NO WRITER ATTRIBUTED

In the announcement of the University's military program for next year one fact stands preeminent,--that the Field Artillery training, wherewith Harvard is to renew her active support of the maxim "in time of peace prepare for war," is to be no path of least resistance for seekers of easy courses, but an out-and-out business proposition. Coupled with an excellent course in the theory and practice of artillery the University offers a carefully selected field of study upon which men may draw for their necessary units allied to the military work. In permitting the training to replace the usual requirements for distribution throughout the four years of college, the Faculty has taken a radical step in furthering the interests of military work at Harvard. Men may gain experience and knowledge in the duties of an artillery officer that may some day, in spite of all the efforts of nations to the contrary, be of the utmost value in a crisis such as that of April 1917; and still find it unnecessary to sacrifice the great advantage of concentrating their studies in whatever line of civil endeavor interests them most.

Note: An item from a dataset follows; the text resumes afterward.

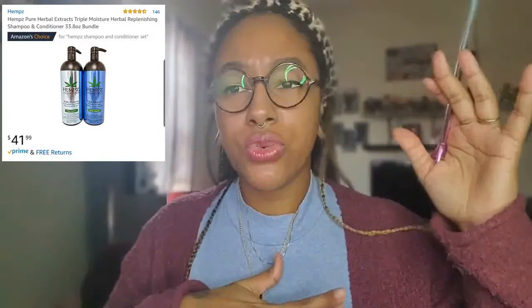With everything going on with Diva Curl, I wanted to try something new. There's Shea Moisture, Camille Rose, and other products, but I wanted something that came in a 32-ounce or one-liter size. I have two boys and a husband and we all use shampoo and conditioner, so I need something that'll last. I don't want a little ten-dollar bottle I have to keep repurchasing.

Again the proposed Artillery School takes the lead in being the first course in the University to put forward physical exercise as an absolute requirement. The fact that Colonel Goetz intends to accept participation in any of the recognized forms of college athletics as a temporary substitute for compulsory physical drill, emphasizes the importance of sports in the eyes of a profession which requires the utmost in the powers of endurance, and mental stability.

There are undoubtedly a certain number of men who will take exception to the new program on the familiar grounds that it will "ruin Harvard as an academic institution by turning it into a veritable military college." The fallacy of this argument is very clear. In the first place as long as military work remains elective it cannot in any way effect the status of Harvard as an institution of learning. No one need take up the artillery training or other military courses during his undergraduate life in the future, any more than it is now compulsory for all to delve into the mysteries of chemistry, or engineering sciences. In a university such as this there is certainly room for a new branch of learning; and if we are to take up a subject, it is infinitely to our advantage to have it well taught. Secondly it is important to note that the advent of the Artillery School will in no way disrupt the progress of courses in the University through conflicts, inasmuch as the drills which have, in the past, come at most inopportune hours and necessitated constant changing from mufti to olive drab and back again, have now been relegated to the summer camps.

Colonel Goetz feels, and rightly so, that the course must be of the highest standard, and that those who enter it must be fit to do the work they undertake. With the advantage of every facility that the government can afford, with intensive and highly specific theoretical instruction during the college year leading to practical work in government camps in the summer, and under the command of an officer whose energy and ability may well exact the admiration and respect of all, Harvard intends to "carry on." Will the undergraduates provide the deciding factor?